**Your assignment:**
Starting with the first line of the data below, copy each line up to and including the one containing "Na foto de 10". Pictures stay out.

+++ Given records

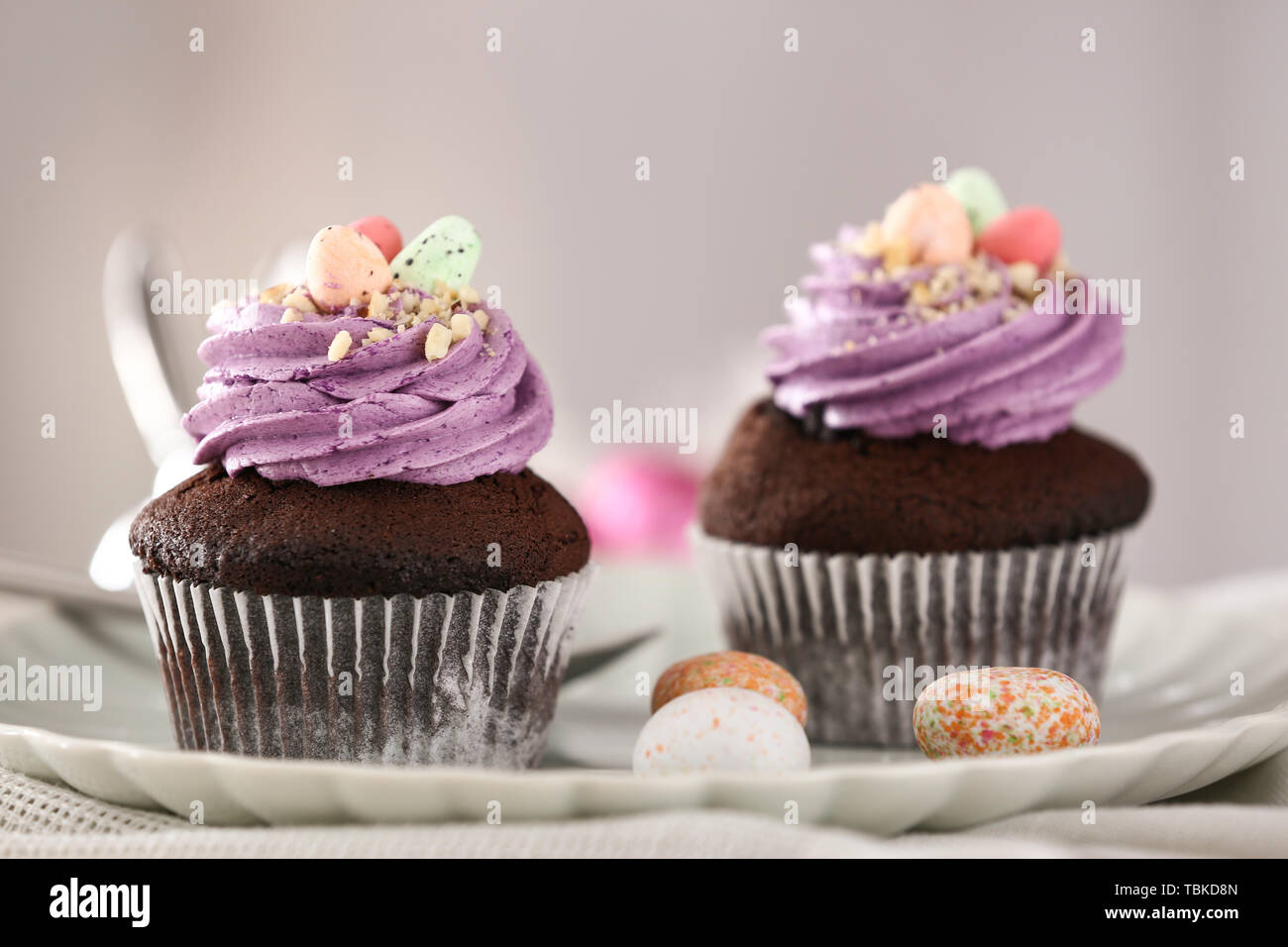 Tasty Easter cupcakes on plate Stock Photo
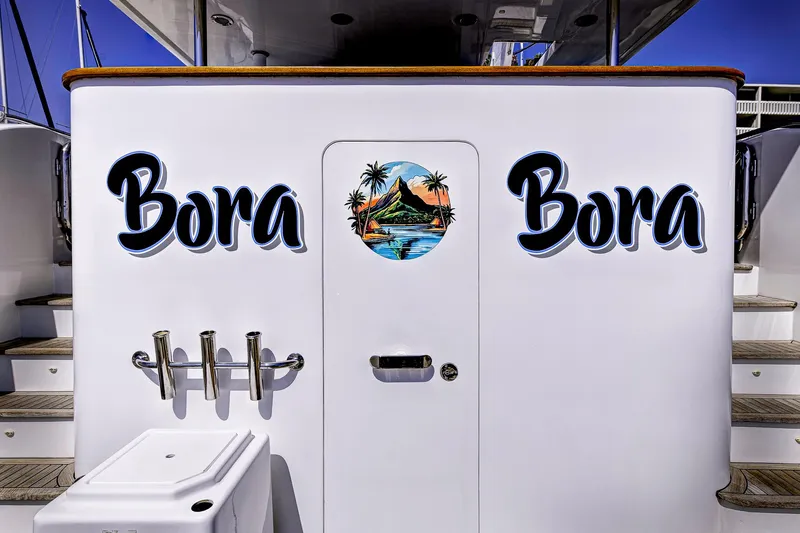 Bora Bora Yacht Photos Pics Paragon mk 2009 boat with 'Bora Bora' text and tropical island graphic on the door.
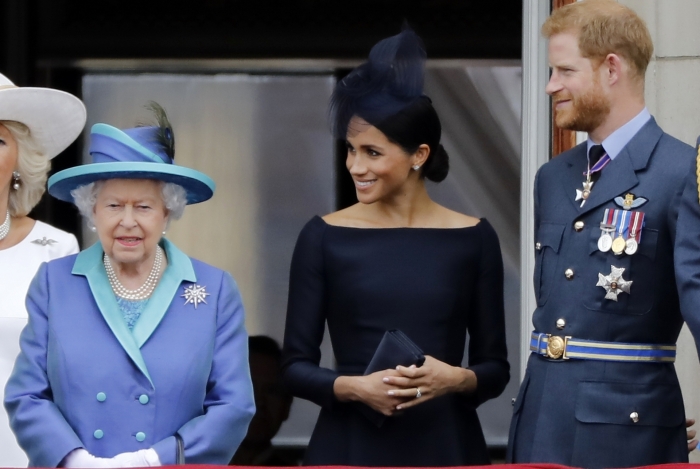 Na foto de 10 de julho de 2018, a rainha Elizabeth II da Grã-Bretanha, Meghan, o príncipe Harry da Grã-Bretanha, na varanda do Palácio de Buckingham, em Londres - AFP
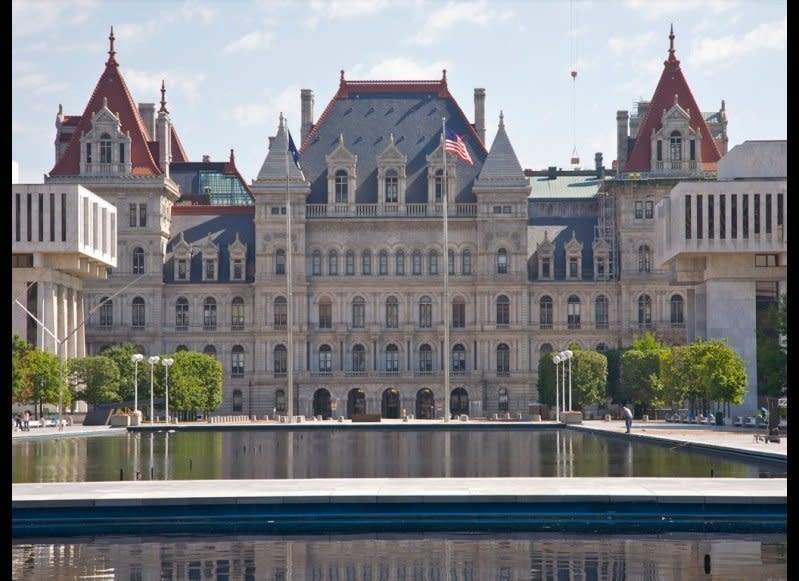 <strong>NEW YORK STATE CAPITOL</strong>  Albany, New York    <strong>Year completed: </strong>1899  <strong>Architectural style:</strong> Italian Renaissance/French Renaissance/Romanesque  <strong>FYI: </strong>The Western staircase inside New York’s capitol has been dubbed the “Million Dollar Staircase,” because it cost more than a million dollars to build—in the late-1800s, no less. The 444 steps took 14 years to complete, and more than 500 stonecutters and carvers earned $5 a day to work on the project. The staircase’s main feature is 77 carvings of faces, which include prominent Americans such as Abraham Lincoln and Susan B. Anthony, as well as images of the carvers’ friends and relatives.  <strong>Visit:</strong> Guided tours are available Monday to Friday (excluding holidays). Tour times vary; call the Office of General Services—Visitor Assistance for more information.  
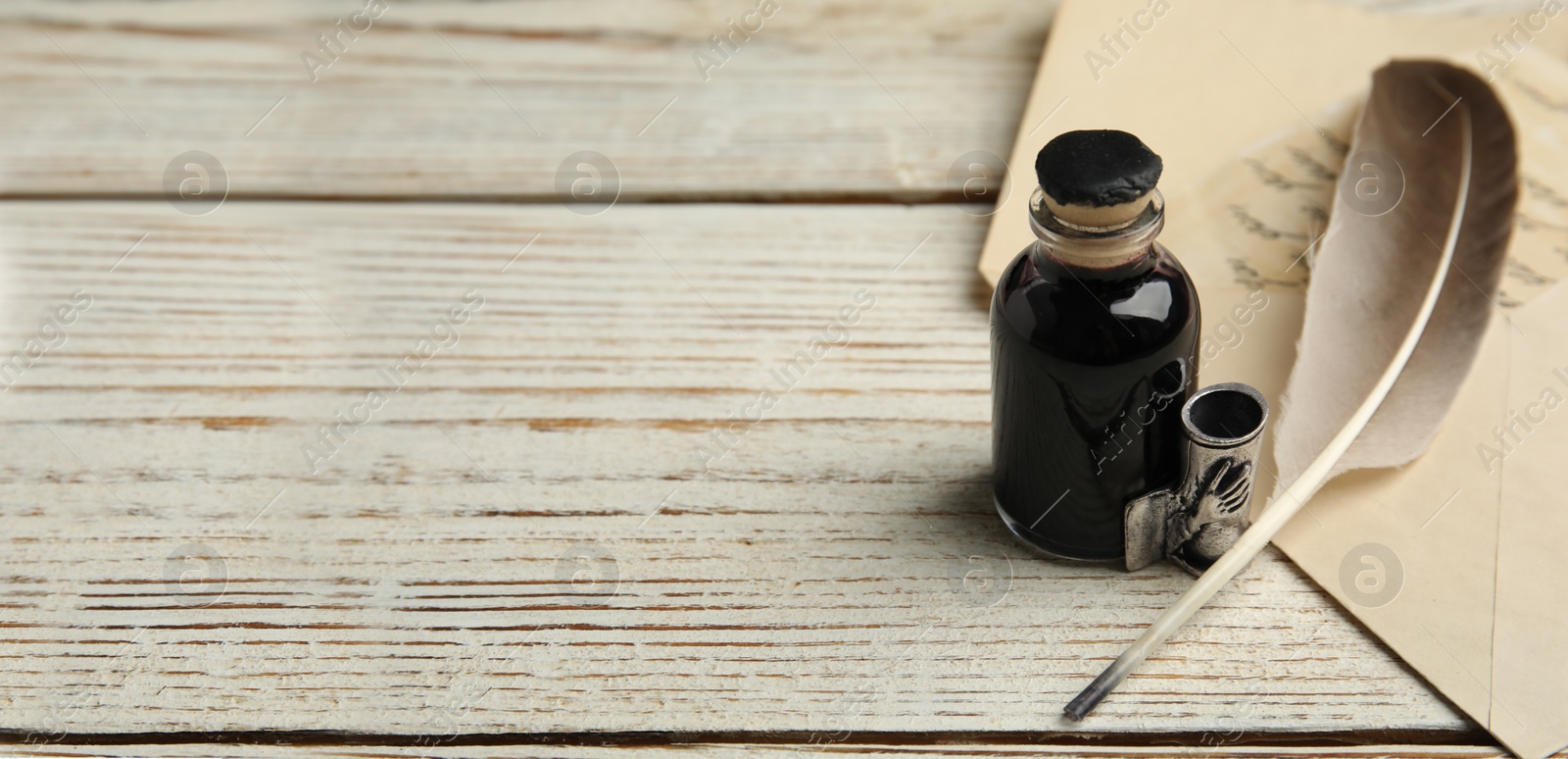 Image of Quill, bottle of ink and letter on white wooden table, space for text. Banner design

++++++

**Output:**
 Tasty Easter cupcakes on plate Stock Photo
 Bora Bora Yacht Photos Pics Paragon mk 2009 boat with 'Bora Bora' text and tropical island graphic on the door.
 Na foto de 10 de julho de 2018, a rainha Elizabeth II da Grã-Bretanha, Meghan, o príncipe Harry da Grã-Bretanha, na varanda do Palácio de Buckingham, em Londres - AFP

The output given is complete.